Entries provided Block Start

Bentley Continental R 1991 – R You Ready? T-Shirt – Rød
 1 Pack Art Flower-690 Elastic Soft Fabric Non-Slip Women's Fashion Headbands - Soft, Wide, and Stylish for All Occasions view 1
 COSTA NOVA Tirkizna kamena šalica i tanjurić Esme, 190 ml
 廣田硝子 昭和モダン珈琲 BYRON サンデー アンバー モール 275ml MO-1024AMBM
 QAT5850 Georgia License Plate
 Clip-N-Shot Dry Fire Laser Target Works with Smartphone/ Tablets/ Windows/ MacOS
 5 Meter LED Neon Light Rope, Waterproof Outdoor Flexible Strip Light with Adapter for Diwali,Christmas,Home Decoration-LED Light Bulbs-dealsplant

Entries provided Block End

## Your goal
In the lines above, find the word "with" and copy each line that contains it.

## Task response
 Clip-N-Shot Dry Fire Laser Target Works with Smartphone/ Tablets/ Windows/ MacOS
 5 Meter LED Neon Light Rope, Waterproof Outdoor Flexible Strip Light with Adapter for Diwali,Christmas,Home Decoration-LED Light Bulbs-dealsplant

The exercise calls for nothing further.